棄てられない「負動産」

所有不動産は、いらないからといって権利書をゴミ箱にポイと捨てれば終わりというものではありません。
民法では物件や債権は自らの行為で自由に権利を放棄できるものとされていますが、土地などの不動産所有権の放棄については規定がありません。

土地や建物の権利書を持っているかいないかに関わらず、法務局にある登記簿謄本の所有者欄に名義が記載されている限りは、その人物は所有権利者として扱われます。
名義を変更する手続きをとることによってのみ所有権が移転するので、所有権利者としての自分から逃れようと思うと、売買や贈与であれ、遺贈するにせよ、とにかく相手方を見つけて名義を変更する手続きをとらなければなりません。
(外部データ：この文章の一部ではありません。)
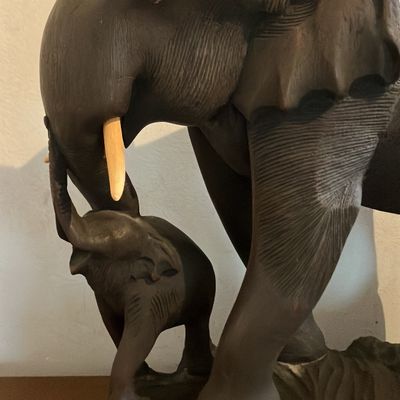 Large Hand-Carved Dark Suar Wood Mother & Baby Elephant Sculpture – 13" Detailed Balinese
所有している不動産を売却することができればいいのですが、それができない場合は特に問題です。
不動産にも一般的流通市場があります。その不動産にそれなりの価値や有効利用できるところがあれば、自ずと需給相場が動き出して価格が決まり、売買成立となります。しかし、その不動産に市場価値が全く無くない場合はどうするかという点が問題なのです。

これからの市場は、不動産の収益性から価値を判断して取引される時代です。
“不動産の大安売り”と銘打って売却価格を1円としても、利益の生まない不動産である他に所有権移転登記費用や取得税、固定資産税等、後の不動産の管理の責任があるとなれば買主は現れない上に“棄てる”こともできないのです。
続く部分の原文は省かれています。